• _Material for this task_
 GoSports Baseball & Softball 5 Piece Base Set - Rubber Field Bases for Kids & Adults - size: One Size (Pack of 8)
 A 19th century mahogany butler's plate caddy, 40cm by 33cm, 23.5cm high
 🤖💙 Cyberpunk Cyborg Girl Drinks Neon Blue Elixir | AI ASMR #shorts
...
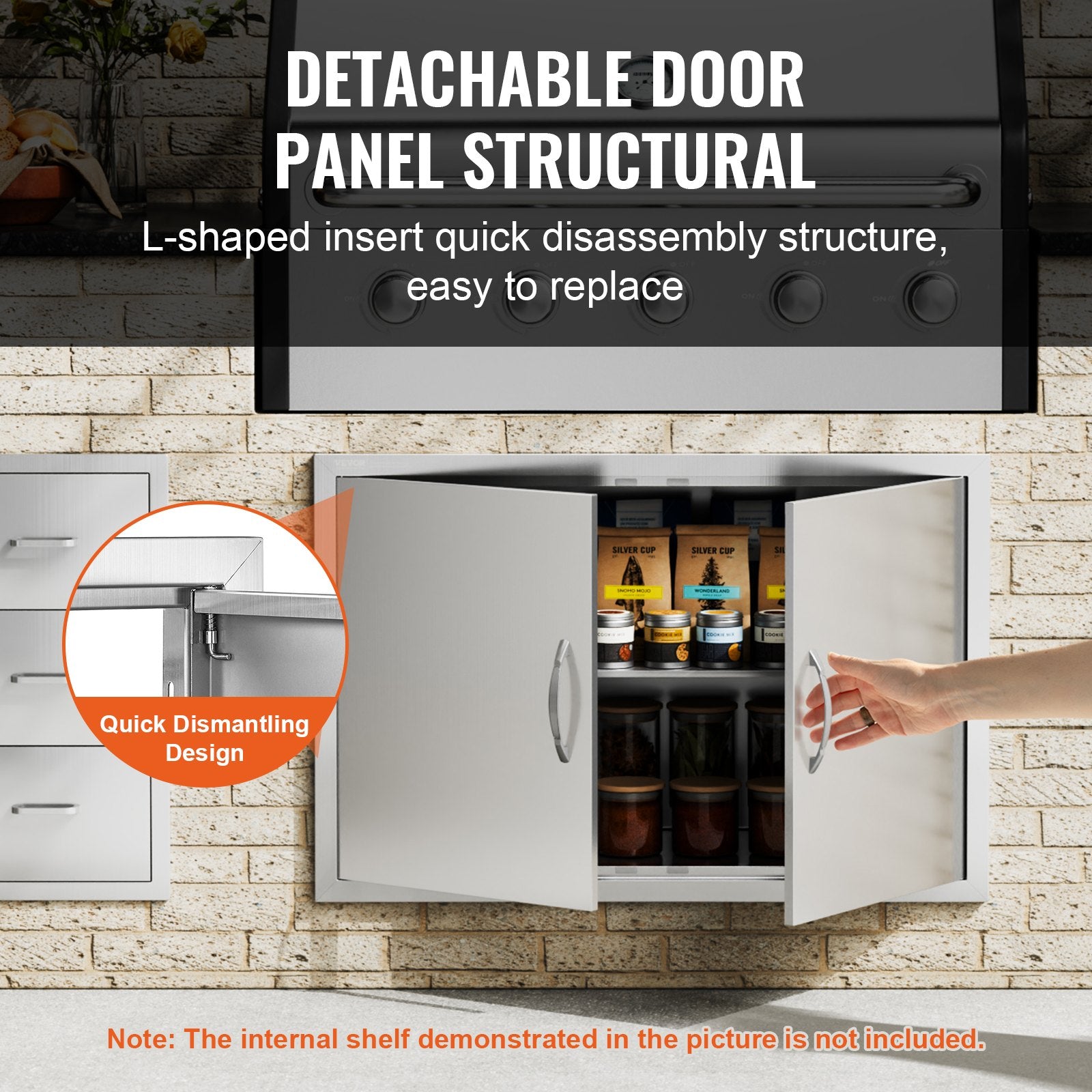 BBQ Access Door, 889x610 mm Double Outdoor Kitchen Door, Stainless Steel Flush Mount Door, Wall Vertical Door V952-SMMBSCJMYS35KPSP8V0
* * *
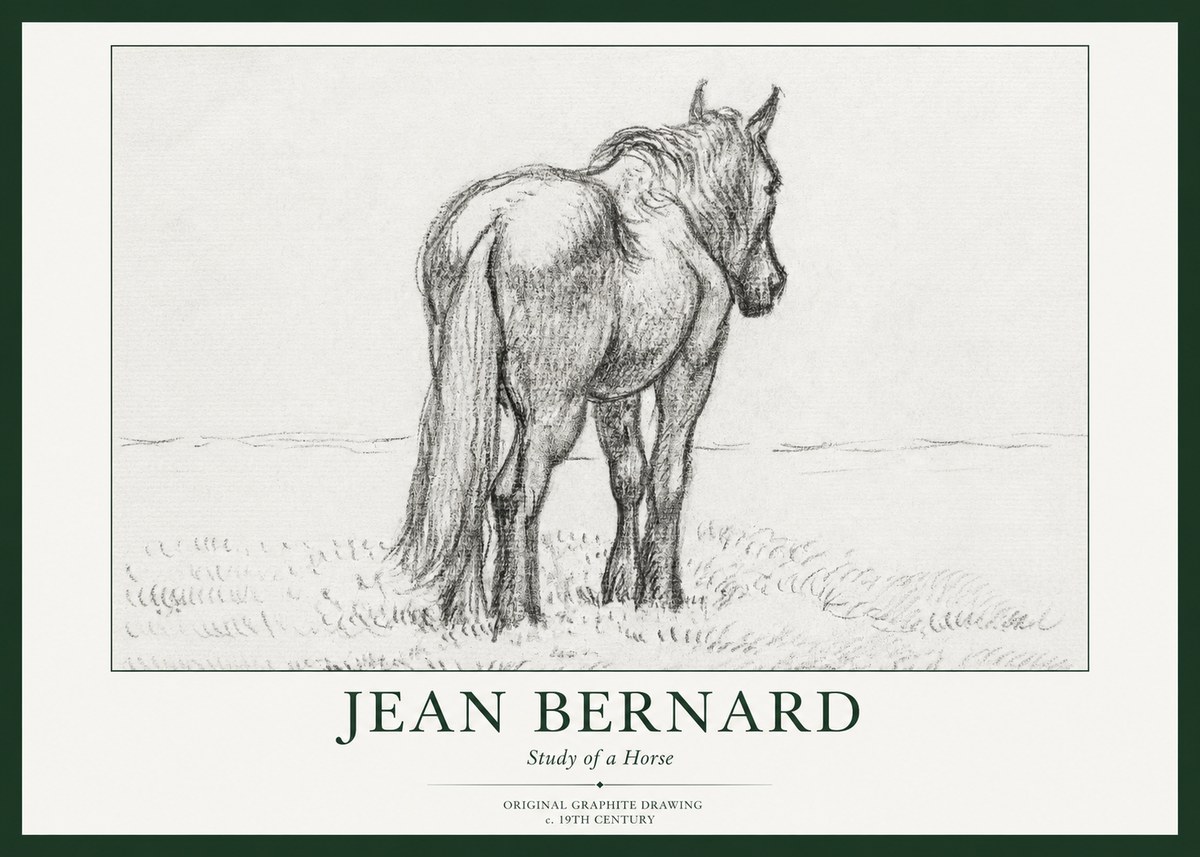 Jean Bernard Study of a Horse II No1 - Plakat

• _Goal of the exercise_
Begin with the line that has "GoSports Baseball &" in the listing above and end after the line that has "AI ASMR #shorts"; output those lines exactly.

• _Exercise solution_
 GoSports Baseball & Softball 5 Piece Base Set - Rubber Field Bases for Kids & Adults - size: One Size (Pack of 8)
 A 19th century mahogany butler's plate caddy, 40cm by 33cm, 23.5cm high
 🤖💙 Cyberpunk Cyborg Girl Drinks Neon Blue Elixir | AI ASMR #shorts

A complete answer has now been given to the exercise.